---- Record extracts

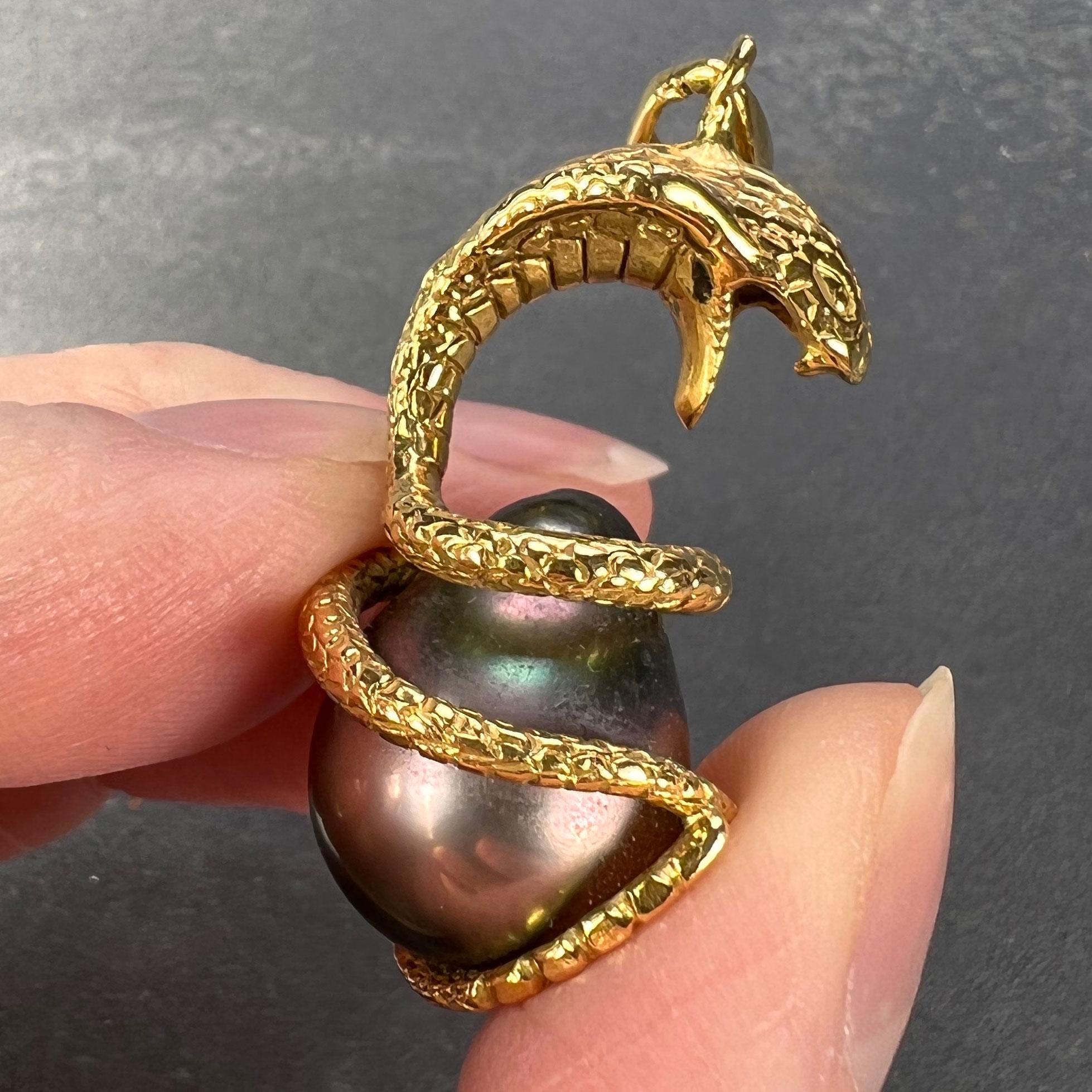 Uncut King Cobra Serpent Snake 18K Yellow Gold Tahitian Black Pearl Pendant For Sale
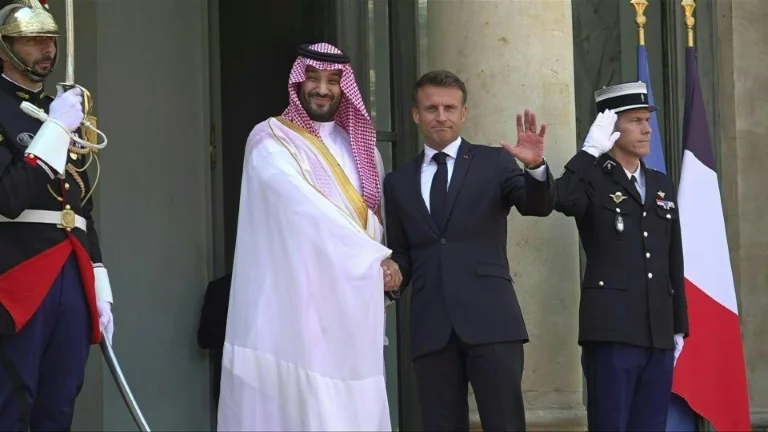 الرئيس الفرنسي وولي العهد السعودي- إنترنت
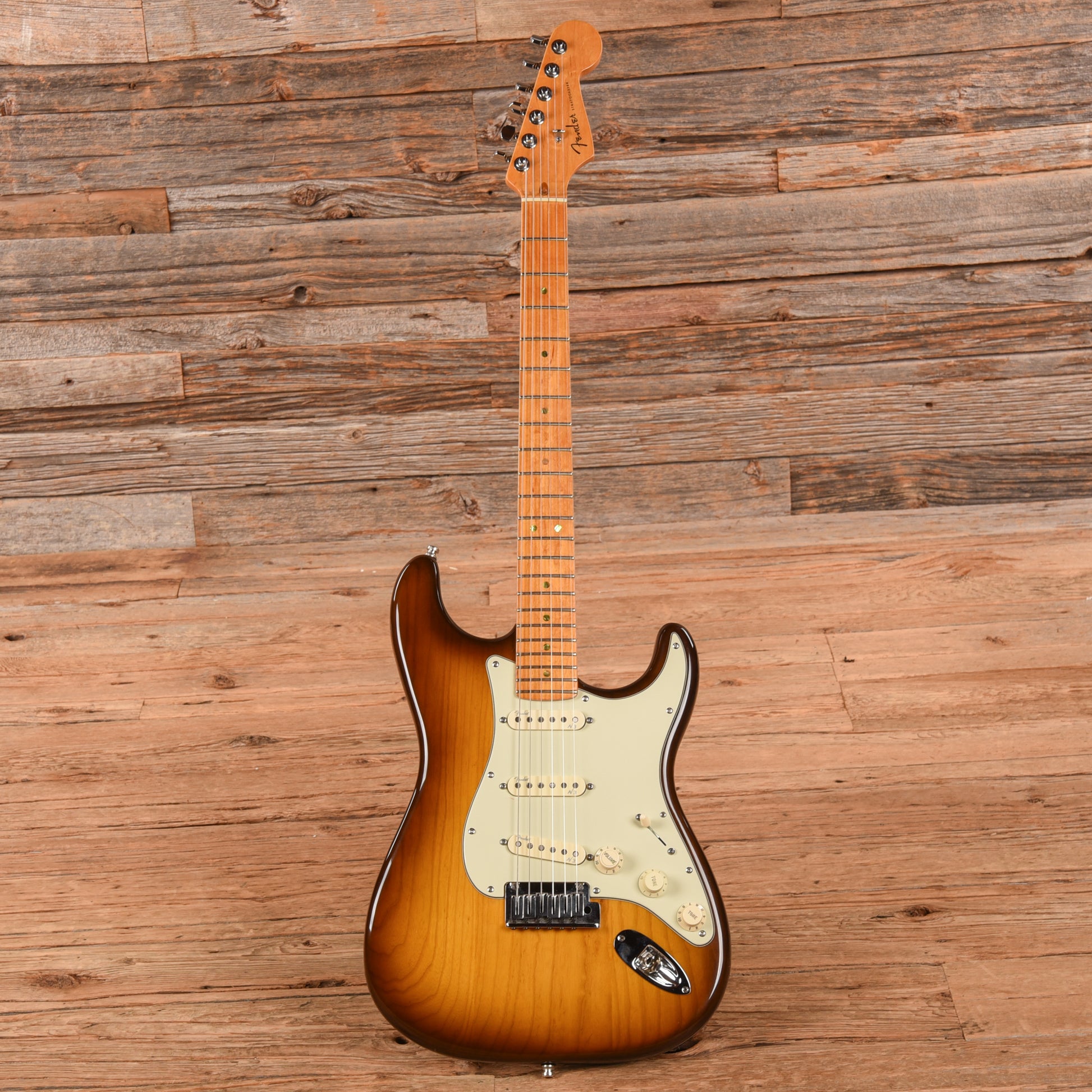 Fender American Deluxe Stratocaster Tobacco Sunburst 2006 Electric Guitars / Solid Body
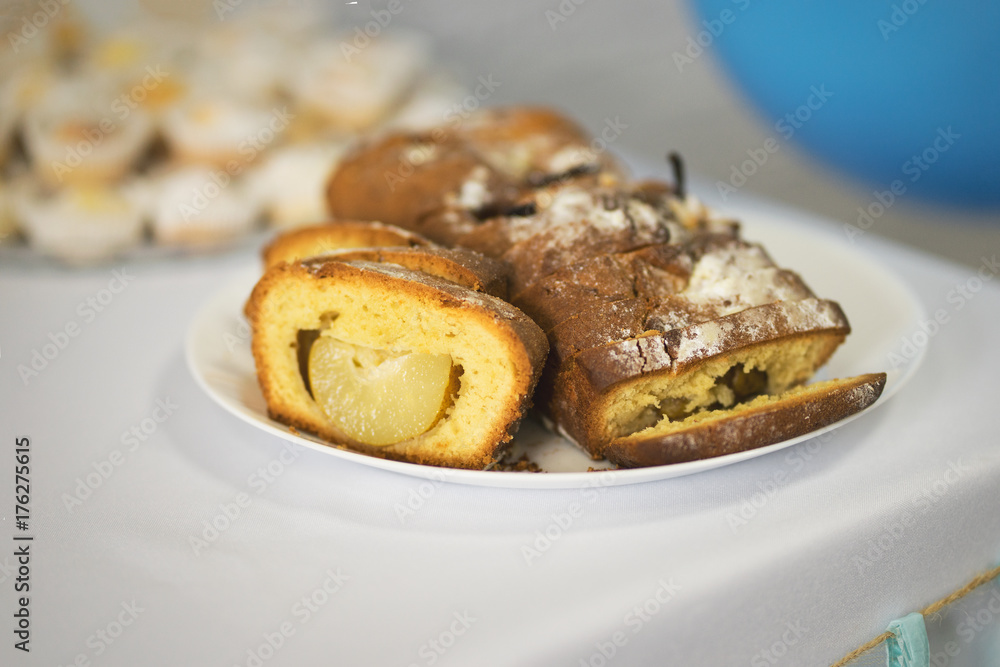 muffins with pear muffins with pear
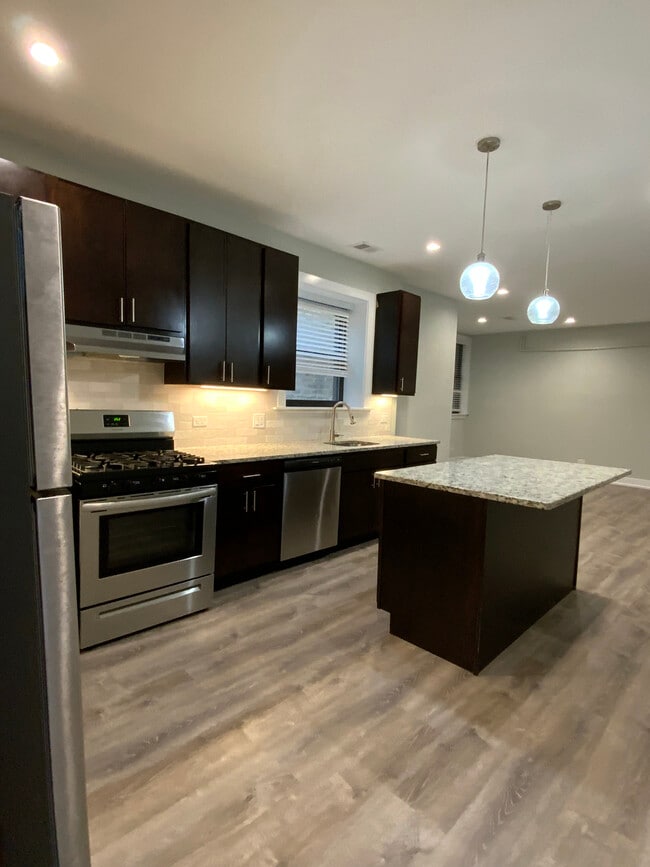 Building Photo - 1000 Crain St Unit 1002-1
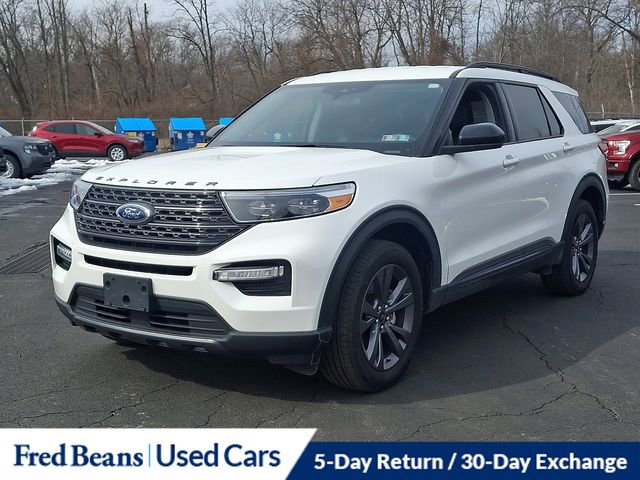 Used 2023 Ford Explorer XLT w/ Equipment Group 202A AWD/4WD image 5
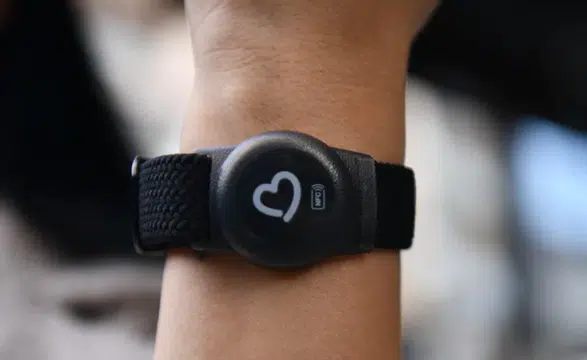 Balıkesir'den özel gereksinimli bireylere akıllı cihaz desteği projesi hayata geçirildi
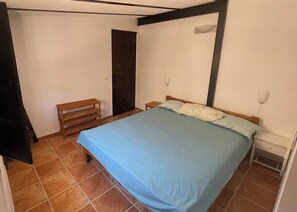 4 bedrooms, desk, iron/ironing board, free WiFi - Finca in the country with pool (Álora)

--------

## [Task objective]
At the line containing "muffins with pear muffins with pear", start reproducing exactly, and stop after the last line of the listing; include both ends, and leave the pictures out.

## [Response to this task]
 muffins with pear muffins with pear
 Building Photo - 1000 Crain St Unit 1002-1
 Used 2023 Ford Explorer XLT w/ Equipment Group 202A AWD/4WD image 5
 Balıkesir'den özel gereksinimli bireylere akıllı cihaz desteği projesi hayata geçirildi
 4 bedrooms, desk, iron/ironing board, free WiFi - Finca in the country with pool (Álora)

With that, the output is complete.